What is required:
Write out again, word for word, the lines below from the line that holds "Welcome back to" through the line that holds "In this video, we", omitting pictures.

Data to process:
* * *

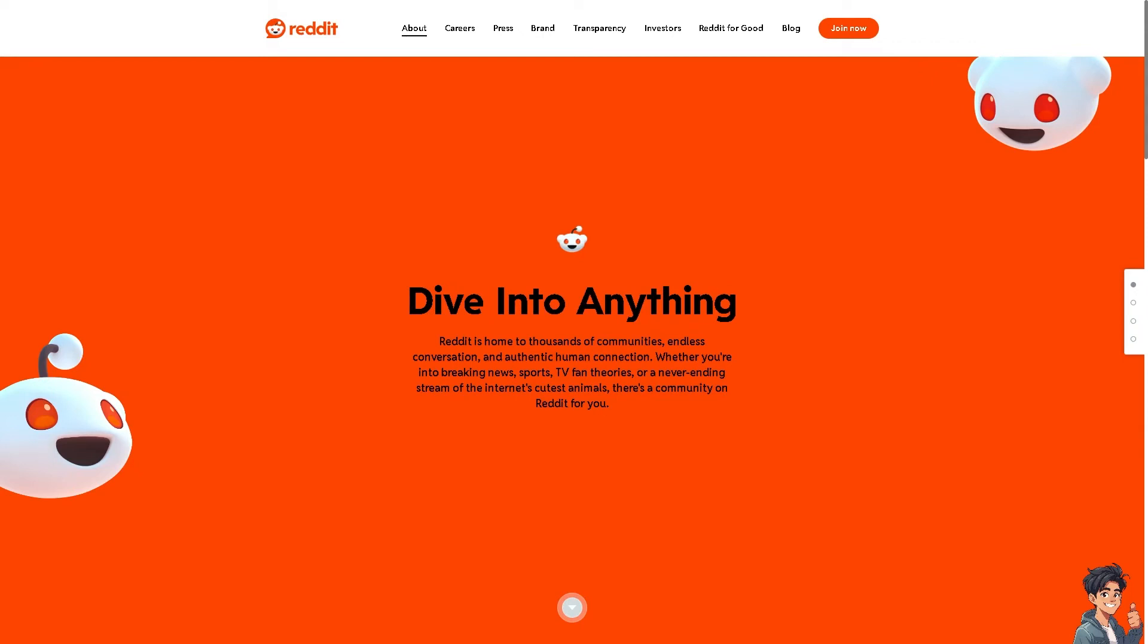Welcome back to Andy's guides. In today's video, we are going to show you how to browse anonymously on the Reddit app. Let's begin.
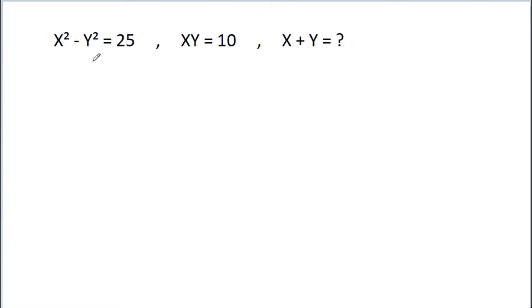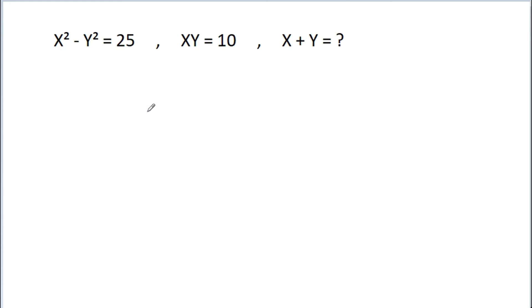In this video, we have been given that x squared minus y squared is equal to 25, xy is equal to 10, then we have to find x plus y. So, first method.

* * *

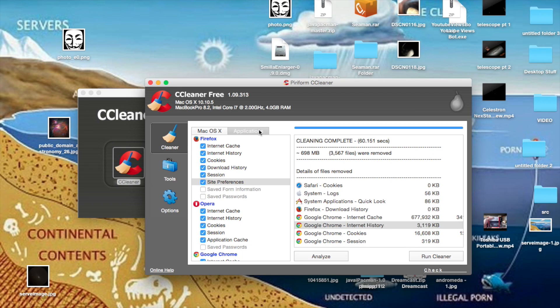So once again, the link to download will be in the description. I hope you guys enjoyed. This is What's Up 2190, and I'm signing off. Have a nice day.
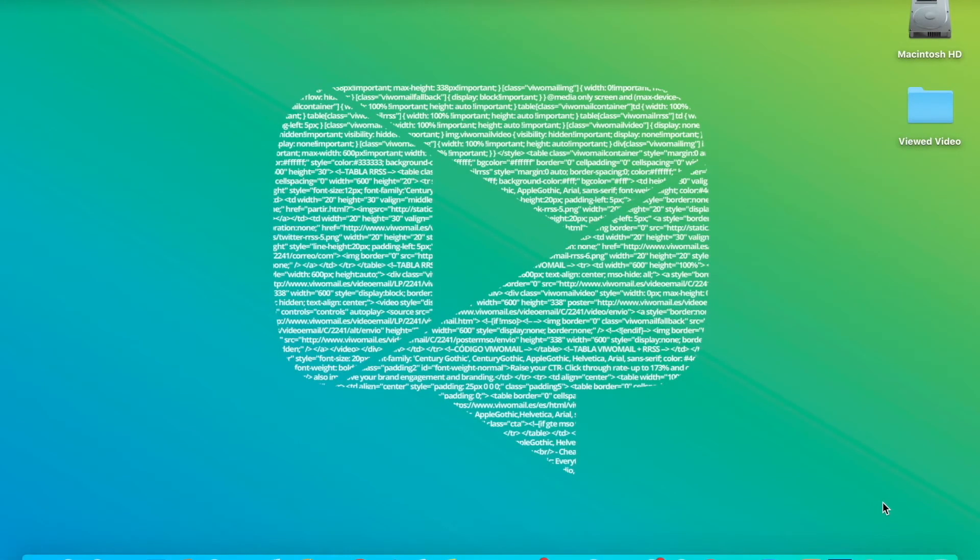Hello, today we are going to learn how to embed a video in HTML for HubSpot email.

* * *

Result of the task:
Welcome back to Andy's guides. In today's video, we are going to show you how to browse anonymously on the Reddit app. Let's begin.
In this video, we have been given that x squared minus y squared is equal to 25, xy is equal to 10, then we have to find x plus y. So, first method.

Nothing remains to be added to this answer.